Figure 7. このCD33とCD13のドットプロットは、すべて生細胞を示しています。 CD33とCD13は単球(緑)、成熟顆粒球(青)、好塩基球、およびCD34陽性前駆体で発現します。単球では、CD33が高いレベルで均一に発現しますが、CD13の発現量は細胞によって異なります。未成熟顆粒球は、成熟顆粒球よりもCD33を高いレベルで発現しますが、CD13の発現レベルは低いです。リンパ球はCD13およびCD33(赤)をほとんど発現しません。前駆体(紫色)ではCD33が中~高いレベルで発現しますが、CD13は弱陽性~欠損しています。
Figure 8. このCD38とCD34のドットプロットは、すべて生細胞を示しています。分化系統の決まった前駆体ではCD38が均一に発現していますが、CD34の発現量は細胞によって異なります。

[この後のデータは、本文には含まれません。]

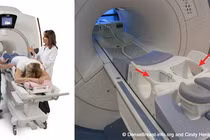 Công nghệ AI cải tiến chẩn đoán ung thư bằng MRI nhanh hơn, chính xác hơn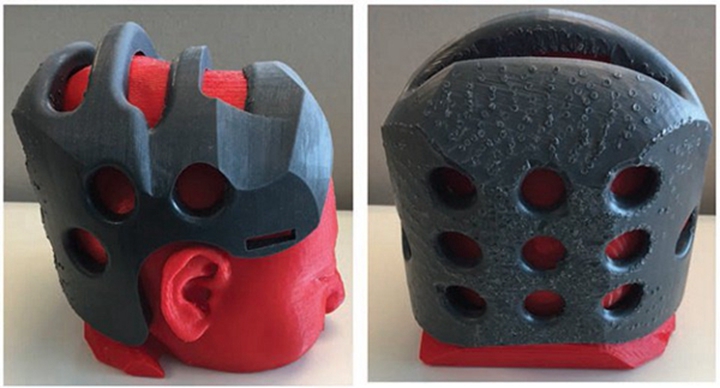 案例！3D打印矫形头盔保护术前骨病头颅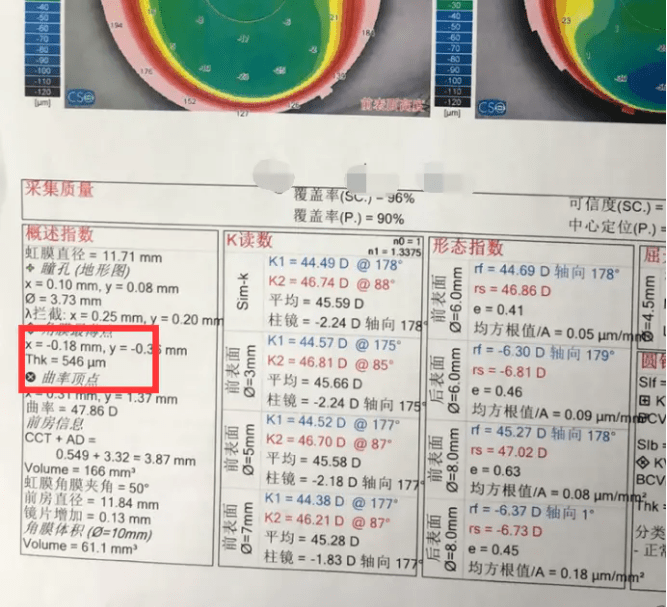 眼科病例单图片图片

前駆体(紫)はCD34とCD38を共発現しています。
 
 
フローサイトメトリーのドットプロットをすべて表示するには、下のリンクから、PDF形式でこのケースをダウンロードしてください。

フローサイトメトリーによるイムノフェノタイピングの結果

フローサイトメトリーによるイムノフェノタイピングで、表現型の異なる芽球ポピュレーション(CD7:中、CD13:弱~欠損、CD33:中、CD34:中、CD38中、CD45:弱、CD117:中、CD123:中、HLA-DR:様々な強度、CD14、CD15、CD64およびその他のリンパ系抗原または骨髄系抗原:欠損)が同定されています。正常なCD34陽性の前駆体と比較すると、CD7の発現やCD13の発現減弱が認められます。

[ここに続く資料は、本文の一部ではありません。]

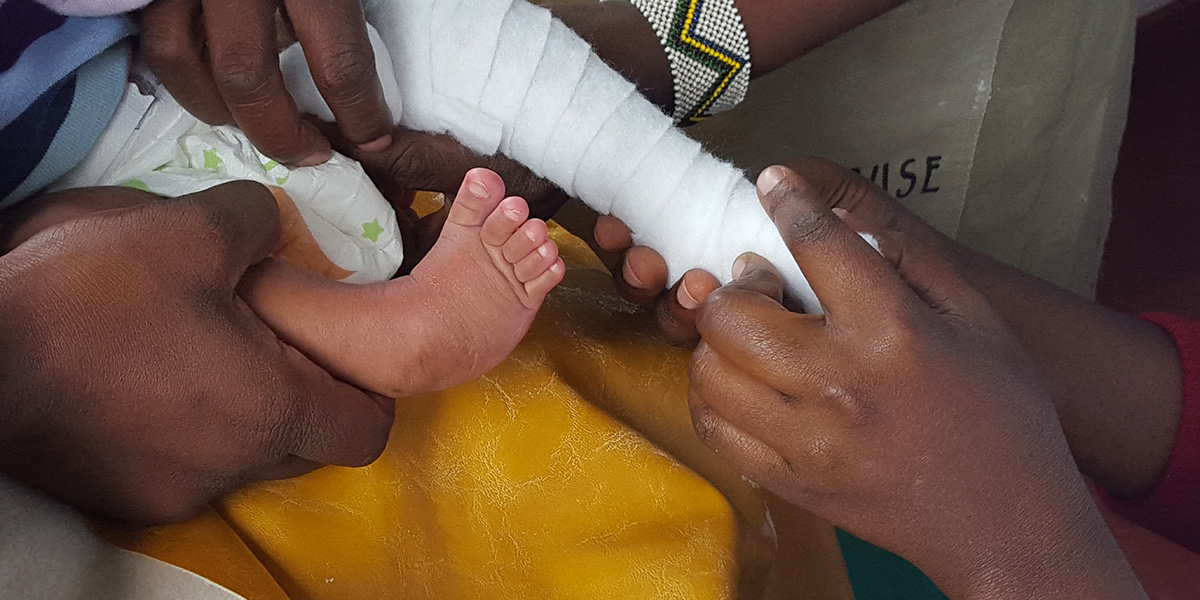 Why Treating Clubfoot Results In More Than Mobility One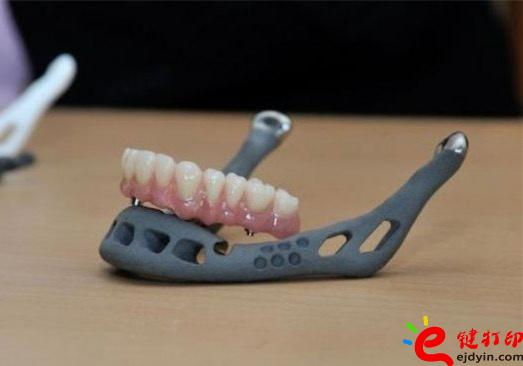 3D打印牙嵌體和牙套哪種更好？3D打印牙齒/隱形牙套/牙冠/模型/成品價格表
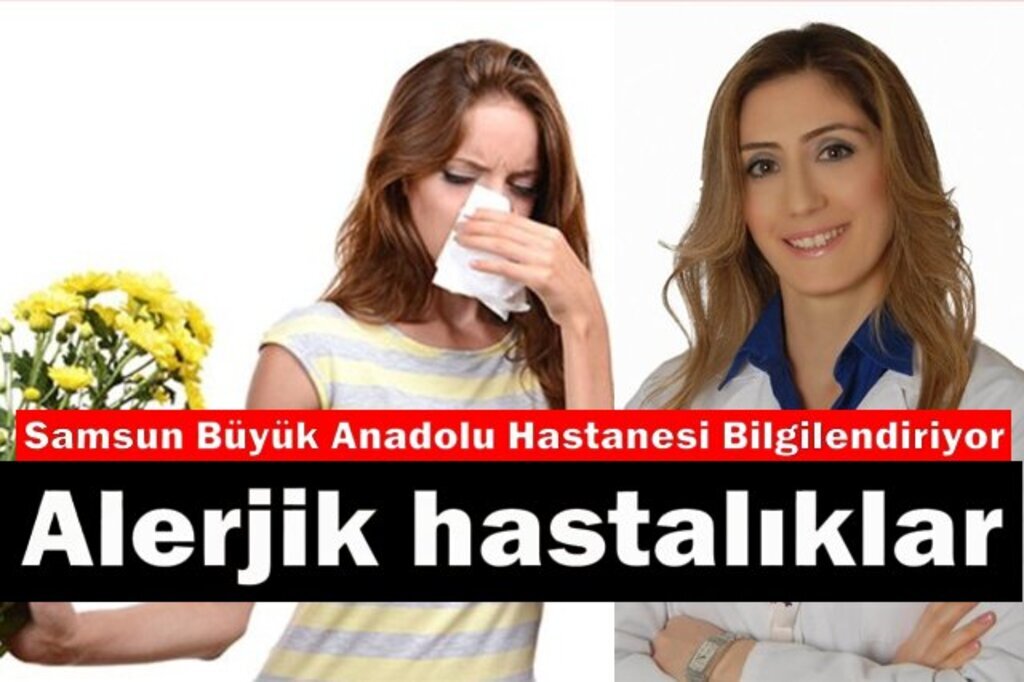 Samsun Büyük Anadolu Hastanesi Alerji Hastalığı ve Tedavisi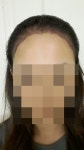 [다나성형외과] 드디어 다나에서 헤어라인 완료(2일차) | 모발이식 후기, 리뷰, 비용은 대다모!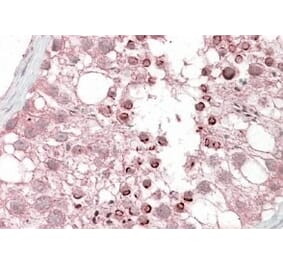 Immunohistochemistry - Anti-USP28 Antibody (A84542) - Antibodies.com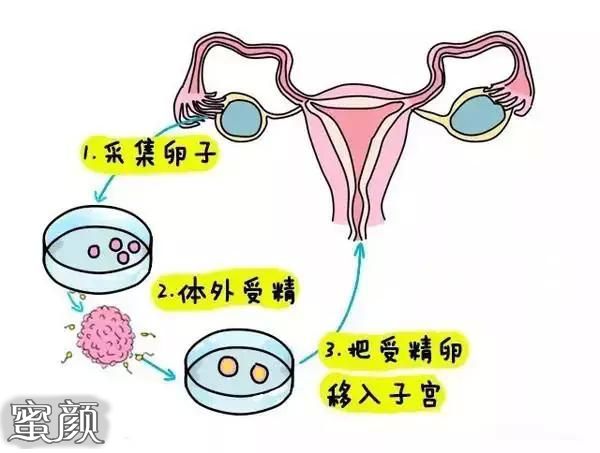 为了防止孕酮高,国内代怀生子机构移植前要注意什么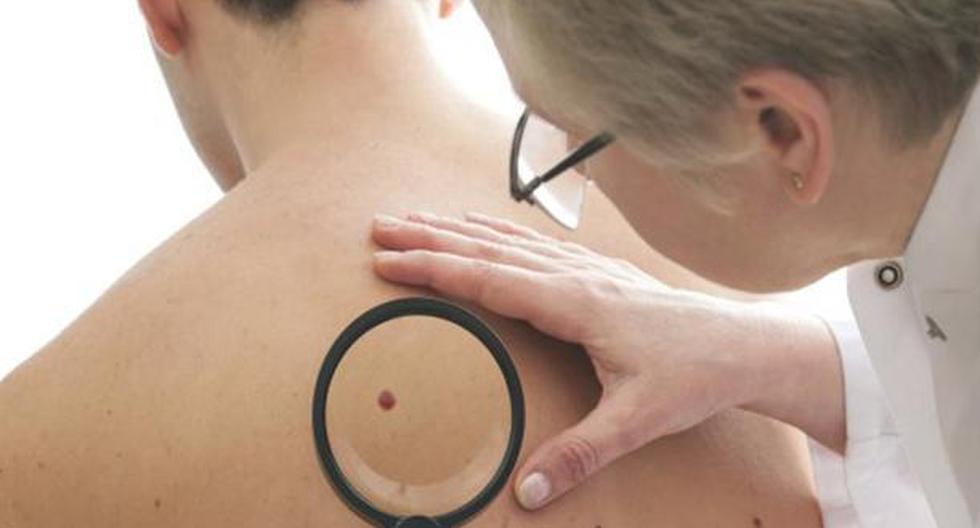 El cáncer de piel se produce por exponerse mucho al sol. (Foto: ThinkStock)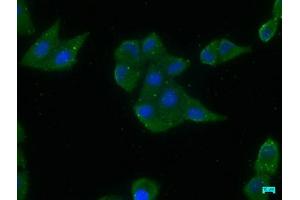 Immunofluorescence staining of Hela cells with ABIN7156695 at 1:200, counter-stained with DAPI. (EIF2AK2 antibody  (AA 90-358))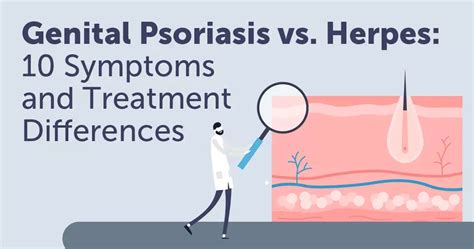 Genital Psoriasis vs. Herpes: 10 Symptom and Treatment Differences | MyPsoriasisTeam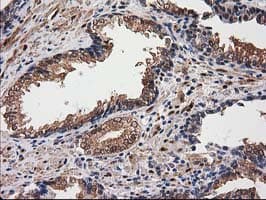 DSTN / Destrin Antibody (clone OTI2F7)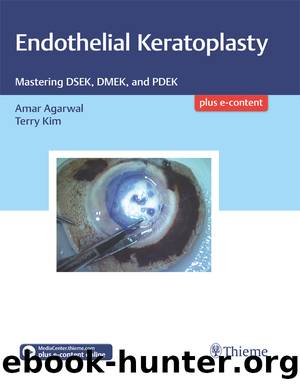 Endothelial Keratoplasty by Amar Agarwal Terry Kim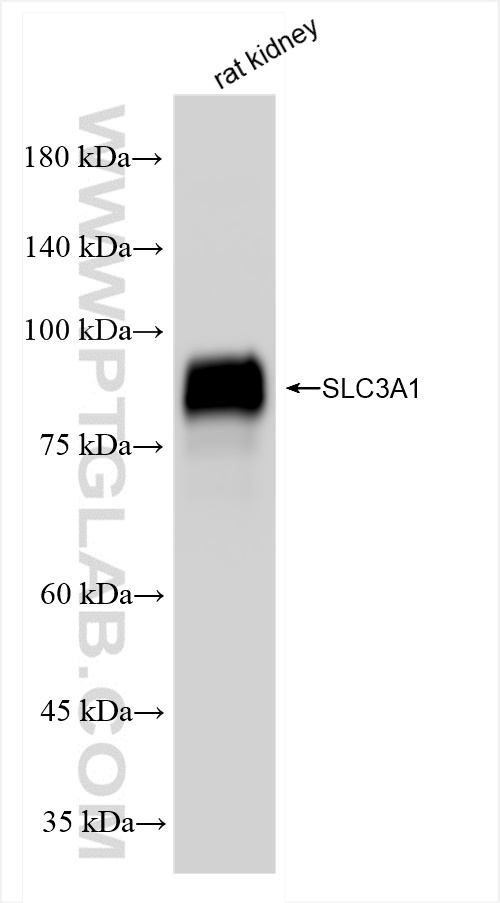 WB analysis of rat kidney using 84856-2-RR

異常ポピュレーションの免疫表現型は、異常CD34陽性前駆細胞のものです。この所見は、骨髄分化を伴う急性白血病と一致しています(CD33およびCD117発現による)。ただし、併せて行った細胞質CD3検査および細胞質ミエロペルオキシダーゼ抗体検査から、初期前駆T細胞性リンパ芽球性白血病および混合表現型急性白血病の可能性は除外されます。確定診断には、臨床的所見、形態学的所見、細胞遺伝学的所見を相関させて評価しなければなりません。

*研究用試薬です。診断用には使用できません。